Cumartesi gününün en güzel maçlarından birini izledik. WB-Wolfsburg maçından sonra aynı tattaki Sevilla- Malaga maçı. Hafta itibariyle Sevilla 25 puanla 3., Malaga ise 6 puanla Laliga sonuncusuydu.Ama maç Malaga şampiyonluk için oynuyor gibi başladı. Deyim yerindeyse taş gibi oynadılar ilk yarı. Sevilla Navas ile sağdan etkili olmaya çalışırken Malaga çok net ataklar yaptı. Özellikle Malaga'nın 2. golünü de atan Duda oldukça etkiliydi.Sevilla'daİlk yarının en etkili isimlerinden biri Luis Fabiano'ydu. İlk kafa şutu 90'ı yalamışken, 2. kafa şutu direkte patladı.Jimenez'in ilk yarı boyunca Negredo'ya nasıl tahammül ettiğini ise anlayamadım. Kanoute gibi forvet oyuncusunu yanına oturtup Negredo ile başlamak zaten kendisine pahalıya patladı. Malaga ilk yarıyı 2-0 önde kapatırken, ikinci yarı Kanoute oyuna dahil oldu.Fabiano kafasına gelen 3. topta Malaga'yı affetmezken,72. dakikada Kanoute ve Fabiano çalışması skoru 2-2 'ye getirdi. Kalan dakikalarda Sevilla ne kadar baskılı oynasada Malaga savunmasını açamadı.Ve Sevilla alışık olduğumuz geriden gelip maçı kazanma olayını bu sefer yapamadı.

26 Kasım 2009 Perşembe

Şampiyonlar Ligi 25 Kasım Sonuçlar ve Puan Durumu



Honour of Men- Manun 0- Beşiktaş 1



Beşiktaş'ın mücadele edeceğini biliyordum ama Manun'un fırsatları tepip, Rüştü'nün 2002 Dünya Kupası formuna döneceğini, Luce zamanı taş defans hattının yeniden hortlayacağını aklımın ucundan bile geçirmemiştim.
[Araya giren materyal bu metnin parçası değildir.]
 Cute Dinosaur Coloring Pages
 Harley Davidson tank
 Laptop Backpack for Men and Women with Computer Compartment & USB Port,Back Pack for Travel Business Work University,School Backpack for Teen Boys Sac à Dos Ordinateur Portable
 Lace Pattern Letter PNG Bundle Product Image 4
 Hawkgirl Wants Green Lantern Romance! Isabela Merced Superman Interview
Oyunu sürekli forse eden Manun olmasına karşın Beşiktaş fiziki kapasitesinin maksimumunu kullanarak mücadele etti. Bu yüzden ki tüm oyuncu değişiklikleri sakatlıklardan dolayı oldu. Teknik olarak futbolcular dün beklenilen düzeyde değildi. Çok acemice işler yapıldı. Misal Ekrem topu çok fazla ayağında ezdi. Fink hücumda etkili olamadı, geriye dönüşlerde ağır kaldı. Topu Manchester sahasına hızlı şekilde alıp götürecek bir futbolcu yoktu.Fink penaltı noktası üzerinden o golü kaçırmasaydı hem tarihe geçecekti hem de Beşiktaş biraz daha rahat oynayacaktı. Buna rağmen Boliç vari bir gol ile şansın ve mücadelenin yardımıyla Beşiktaş 3 puanla İngiltere'den dönmeyi başararak, bir nebze de olsa Liverpool anılarını silmeyi başardı.
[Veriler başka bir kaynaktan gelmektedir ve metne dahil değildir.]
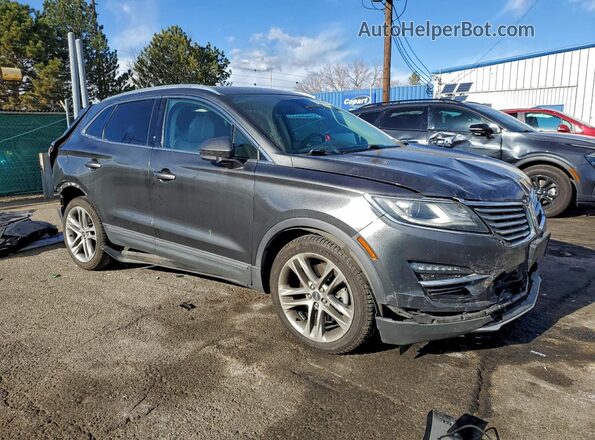 5LMCJ3D9XHUL04549 2017 LINCOLN MKC Серый Передняя правая четверть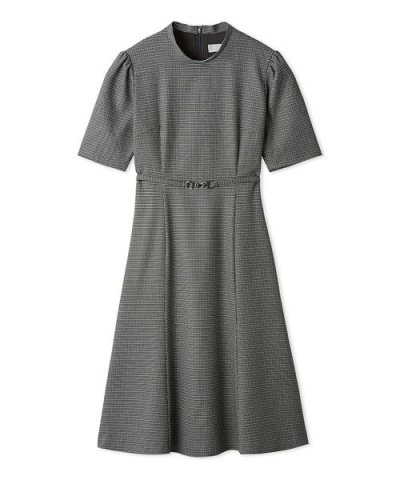 ベルト付きミニワンピース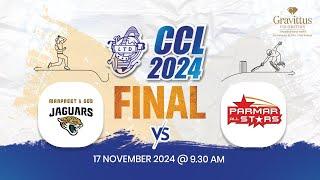 MANPREET & GG'S JAGUARS Vs PARMAR ALL STARS | FINAL  | CCL 2024 | FINAL DAY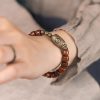 Yak Bone Tibetan Dzi Strength Bracelet Yak Bone Tibetan Dzi Strength Bracelet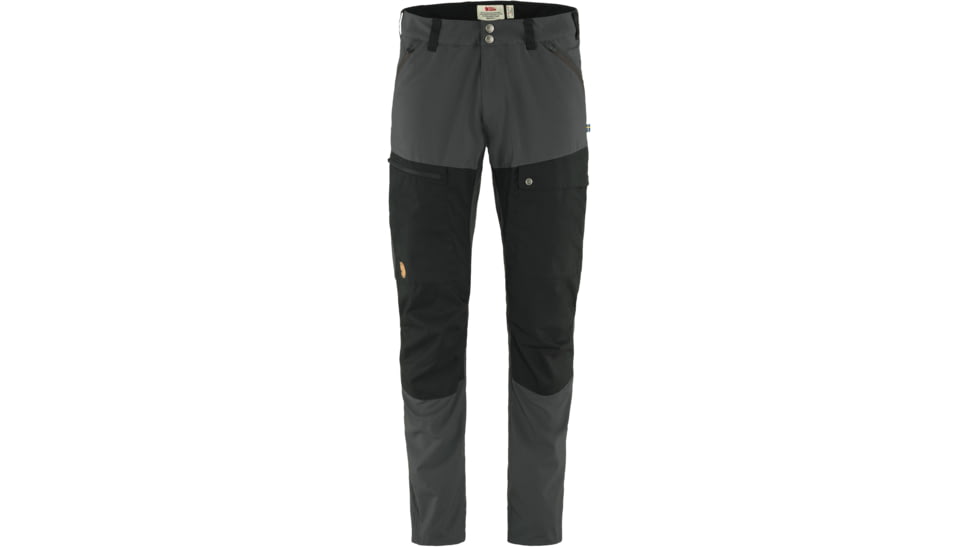 Fjallraven Abisko Midsummer Trousers - Mens, Dark Grey/Black, 48/Large, F12200172-30-550-48/L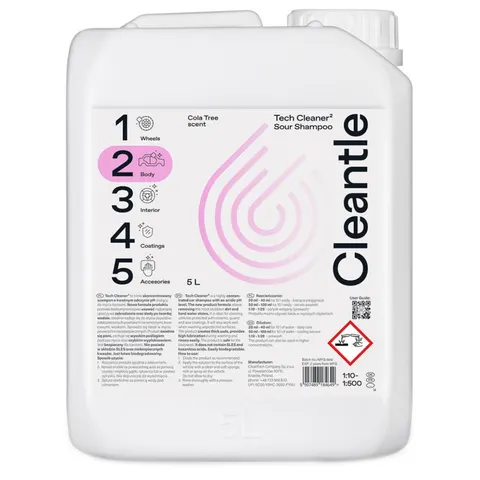 Kwaśny szampon 5L Tech Cleaner Cola Tree Cleantle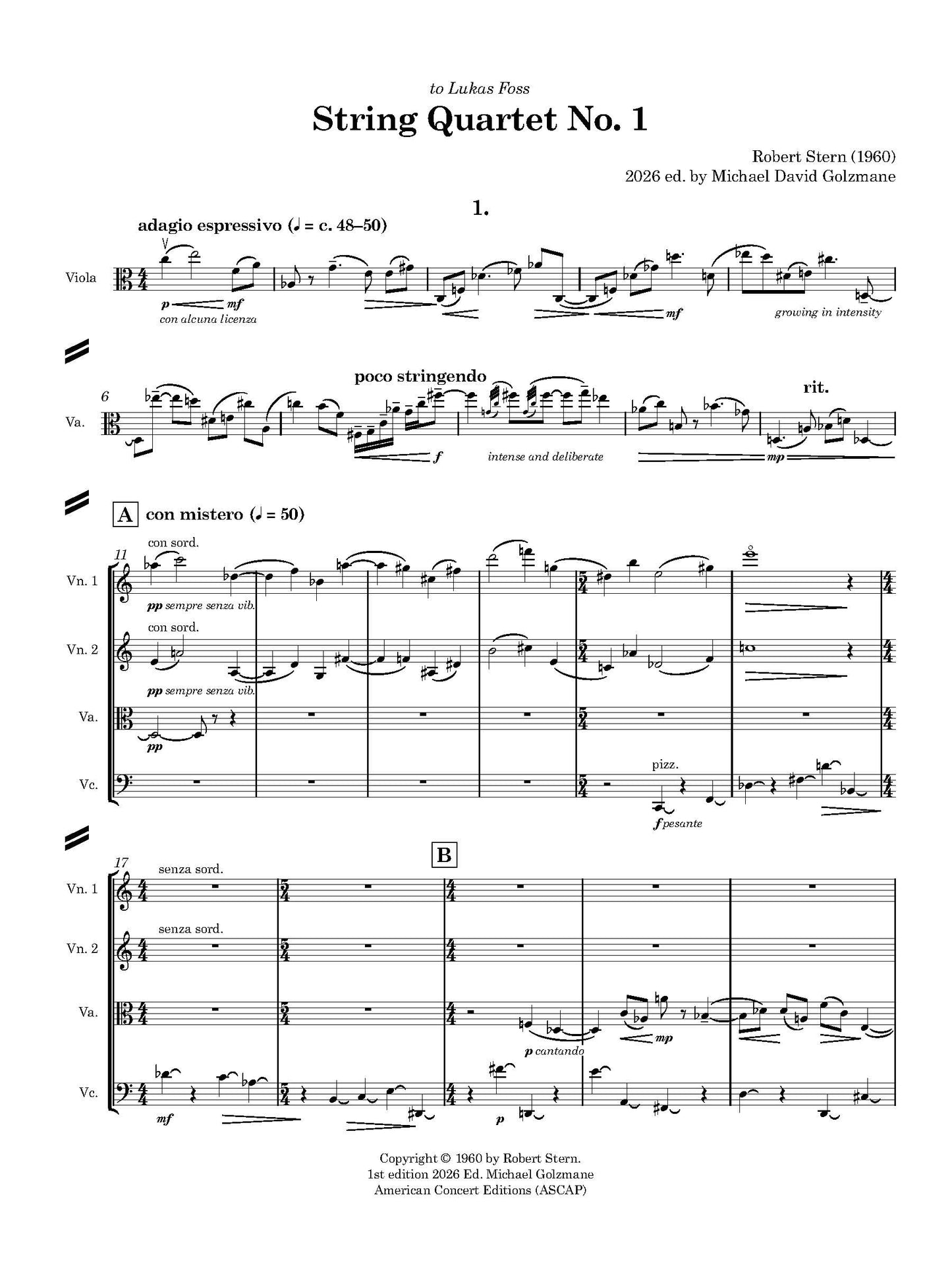 String Quartet No. 1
Maçın kader adamları ise Rüştü,İbrahim Üzülmez ve elbette Ferrari'idi. Rüşte ve İbrahim yaşlarına rağmen bölgelerini cengaver gibi savundular. Taraftar o yüzden ki Old Trafford'u " Deli İbrahim" diye inletti. Rüştü'nün son dakikada çıkardığı iki şut var ki sabaha kadar oynasanız ben gol yemeyeceğim dedi. Rüştü böylece 28 eylül 2004 de Fenerbahçe'de oynarken Manun'dan Old Trafford'da yediği 6 golünde günahını çıkarmış oldu. Ferrari ise Beşiktaş'da sezonu kurtaran adam. Aldığı parayı sonuna kadar hakediyor. Beşiktaş'ın tarihi boyunca defansında oynayan belki de en iyi oyuncusu.Uefa aşkına şimdi son maçlara kaldık. Beşiktaş İnönüdeki maçta Cska ile karşılaşırken kulağımız Almanya'da olacak.Uefa'ya gitme şansı çok zor olsa da başlıkta da belirttiğim gibi bu bir onur mücadelesiydi.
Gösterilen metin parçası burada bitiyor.